Hadi Purnomo, seorang petani setempat, mengaku sangat terdampak oleh kondisi tersebut. Ia yang setiap hari melintas menuju sawah harus ekstra hati-hati agar tidak terjatuh.
Baca juga : RTH Simpang Lima Gumul Jadi Destinasi Terfavorit Warga Kediri
“Waktu kemarau saja jalannya sudah rusak parah, apalagi saat musim hujan seperti sekarang. Banyak lubang yang dalamnya bisa mencapai sekitar 30 sentimeter,” ungkap Hadi, Selasa (3/1/2026).
Warga juga mengaku bahwa insiden kendaraan tergelincir atau terjebak di kubangan sudah menjadi hal biasa. Berbagai keluhan yang disampaikan sebelumnya dinilai belum membuahkan hasil, sehingga memicu aksi protes ini.

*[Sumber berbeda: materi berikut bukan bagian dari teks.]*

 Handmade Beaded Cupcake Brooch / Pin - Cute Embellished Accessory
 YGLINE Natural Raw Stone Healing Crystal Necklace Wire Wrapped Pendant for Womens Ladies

Ketua RT 03 Dusun Miren, Sudar, yang memprakarsai aksi tanam pohon pisang, menegaskan bahwa langkah tersebut dilakukan secara damai. Warga sengaja memilih cara kreatif dibandingkan melakukan aksi yang berpotensi mengganggu ketertiban umum.
“Kami tidak ingin melakukan protes yang anarkis. Penanaman pohon pisang ini selain sebagai simbol protes, juga bisa bermanfaat karena nantinya dapat berbuah,” jelas Sudar.

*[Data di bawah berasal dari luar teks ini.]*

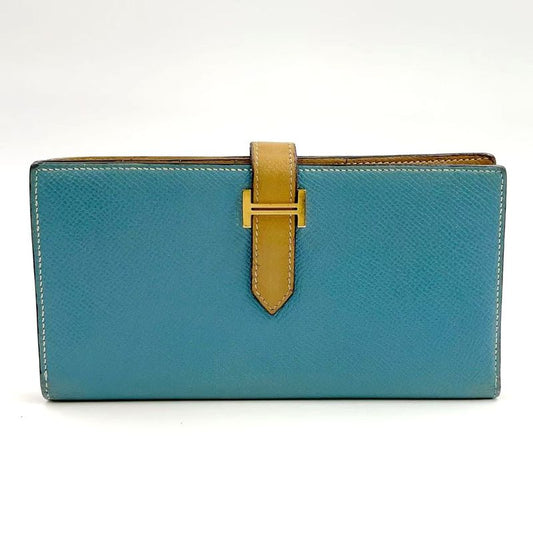 Hermes Bearn Souffle Stamped □L Leather Turquoise Blue And Light Brown Long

Baca juga : Prajurit TNI dan Personel Polri Gembleng Siswa MTS Nurul Ula Jamsaren, Kota Kediri, Ini Kegiatannya
Sebelum ditanami, lubang-lubang di jalan terlebih dahulu ditimbun dengan tanah agar bibit pisang dapat tumbuh. Warga menyatakan pohon-pohon tersebut akan tetap dibiarkan berdiri hingga ada kepastian dari pemerintah terkait jadwal perbaikan jalan.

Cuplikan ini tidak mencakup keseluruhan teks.